Description of the task » Every entry below is to be retyped exactly as it appears.

Extracted entries »
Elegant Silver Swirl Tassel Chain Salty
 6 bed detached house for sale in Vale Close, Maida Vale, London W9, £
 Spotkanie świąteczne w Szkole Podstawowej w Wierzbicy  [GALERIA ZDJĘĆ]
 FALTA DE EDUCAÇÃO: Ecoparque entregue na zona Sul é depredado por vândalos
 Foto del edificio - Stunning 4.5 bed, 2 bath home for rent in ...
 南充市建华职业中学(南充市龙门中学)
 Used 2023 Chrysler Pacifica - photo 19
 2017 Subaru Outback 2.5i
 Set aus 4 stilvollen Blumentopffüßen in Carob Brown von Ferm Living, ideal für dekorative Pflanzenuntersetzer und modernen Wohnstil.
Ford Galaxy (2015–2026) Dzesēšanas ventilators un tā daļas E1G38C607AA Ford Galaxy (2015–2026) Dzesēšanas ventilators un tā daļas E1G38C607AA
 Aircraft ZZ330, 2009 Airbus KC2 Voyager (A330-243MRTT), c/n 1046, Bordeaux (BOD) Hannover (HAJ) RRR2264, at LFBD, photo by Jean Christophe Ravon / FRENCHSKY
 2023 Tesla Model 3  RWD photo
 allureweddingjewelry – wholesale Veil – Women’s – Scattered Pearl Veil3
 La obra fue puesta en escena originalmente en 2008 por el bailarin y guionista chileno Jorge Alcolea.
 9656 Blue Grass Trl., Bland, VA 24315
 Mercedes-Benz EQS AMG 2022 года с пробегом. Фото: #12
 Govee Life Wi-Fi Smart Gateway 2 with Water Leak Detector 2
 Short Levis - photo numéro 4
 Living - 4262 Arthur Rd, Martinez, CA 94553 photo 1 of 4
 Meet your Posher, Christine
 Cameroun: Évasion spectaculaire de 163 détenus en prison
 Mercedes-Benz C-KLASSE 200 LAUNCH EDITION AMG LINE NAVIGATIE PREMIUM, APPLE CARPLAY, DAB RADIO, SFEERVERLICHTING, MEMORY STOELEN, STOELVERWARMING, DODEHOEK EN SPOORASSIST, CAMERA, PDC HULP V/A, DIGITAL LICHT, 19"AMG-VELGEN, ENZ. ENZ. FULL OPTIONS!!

Output of the exercise »
Elegant Silver Swirl Tassel Chain Salty
 6 bed detached house for sale in Vale Close, Maida Vale, London W9, £
 Spotkanie świąteczne w Szkole Podstawowej w Wierzbicy  [GALERIA ZDJĘĆ]
 FALTA DE EDUCAÇÃO: Ecoparque entregue na zona Sul é depredado por vândalos
 Foto del edificio - Stunning 4.5 bed, 2 bath home for rent in ...
 南充市建华职业中学(南充市龙门中学)
 Used 2023 Chrysler Pacifica - photo 19
 2017 Subaru Outback 2.5i
 Set aus 4 stilvollen Blumentopffüßen in Carob Brown von Ferm Living, ideal für dekorative Pflanzenuntersetzer und modernen Wohnstil.
Ford Galaxy (2015–2026) Dzesēšanas ventilators un tā daļas E1G38C607AA Ford Galaxy (2015–2026) Dzesēšanas ventilators un tā daļas E1G38C607AA
 Aircraft ZZ330, 2009 Airbus KC2 Voyager (A330-243MRTT), c/n 1046, Bordeaux (BOD) Hannover (HAJ) RRR2264, at LFBD, photo by Jean Christophe Ravon / FRENCHSKY
 2023 Tesla Model 3  RWD photo
 allureweddingjewelry – wholesale Veil – Women’s – Scattered Pearl Veil3
 La obra fue puesta en escena originalmente en 2008 por el bailarin y guionista chileno Jorge Alcolea.
 9656 Blue Grass Trl., Bland, VA 24315
 Mercedes-Benz EQS AMG 2022 года с пробегом. Фото: #12
 Govee Life Wi-Fi Smart Gateway 2 with Water Leak Detector 2
 Short Levis - photo numéro 4
 Living - 4262 Arthur Rd, Martinez, CA 94553 photo 1 of 4
 Meet your Posher, Christine
 Cameroun: Évasion spectaculaire de 163 détenus en prison
 Mercedes-Benz C-KLASSE 200 LAUNCH EDITION AMG LINE NAVIGATIE PREMIUM, APPLE CARPLAY, DAB RADIO, SFEERVERLICHTING, MEMORY STOELEN, STOELVERWARMING, DODEHOEK EN SPOORASSIST, CAMERA, PDC HULP V/A, DIGITAL LICHT, 19"AMG-VELGEN, ENZ. ENZ. FULL OPTIONS!!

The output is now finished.